Evergrande Group Photo: CFP
China's property developer Evergrande Group's first mass-produced electric vehicle (EV) Hengchi 5 sport-utility vehicles (SUV) will begin pre-sales at 8 pm on Wednesday, as the debt-burdened group bets on its EV business as a new source of revenue for the healthy and sustainable development of the company.
In an apparent move to boost sales amid fierce competition, the company announced that the first 10,000 customers can finalize payment when the vehicle is delivered and will be able to request a refund within 15 days of getting the car in order to ensure their money's security. Moreover, the company said consumers will make payment and withdrawal via a special account at a notary public office, but did not give more details.
A services staff member told the Global Times that there is currently no data about pre-orders, while prices for the vehicle will not be unveiled until 8 pm Wednesday.

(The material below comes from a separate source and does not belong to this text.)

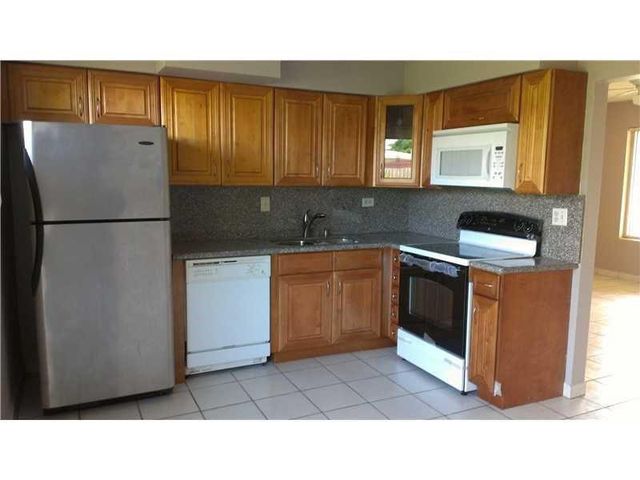 701 NW 74th Avenue, Hollywood, FL 33024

"There is no doubt Evergrande has chosen the right direction for future development, but it is too early to say whether expanding into the EV sector can help the company solve its debt crisis," Wu Shuocheng, a veteran automobile analyst, told the Global Times on Tuesday.
Wu said the group has missed the best opportunity by being too slow in rolling out its EVs. "Due to industrial and supply chain disruptions, the prices for raw materials and core components may continue to rise in 2023, which will further increase costs for Evergrande," he said.
Earlier in January, the company announced that its first Hengchi 5 SUV had rolled off the production line in North China's Tianjin Municipality on December 30, 12 days ahead of schedule.
In March, the Ministry of Industry and Information Technology included the model in a recommended promotion and application catalogue of electric vehicles. The company has also opened the first batch of experience centers in major cities, including Tianjin and Guangzhou, South China's Guangdong Province.
The launch of its NEV products came at a pivotal period for the company, which is burdened with over $300 billion in liabilities and struggling to address an ongoing debt crisis.
China Evergrande New Energy Vehicle Group has not yet published its audited results for the year ending 31 December 2021, and the trading of its shares in Hong Kong has been suspended since April 1, according to a document the company filed to Hong Kong Exchanges and Clearing in March.
The group said that it was endeavoring to commence mass production of the Hengchi series and was targeting June this year as the rollout date.
Evergrande has invested a total of 47.4 billion yuan ($7.07 billion) in the EV sector since 2018, including 24.9 billion yuan for the acquisition of core technologies and R&D, and another 22.5 billion yuan for facilities and machines, according to media reports.
It aims to become the world's largest NEV group, with annual output and sales of more than one million vehicles by 2025 and over 5 million by 2035.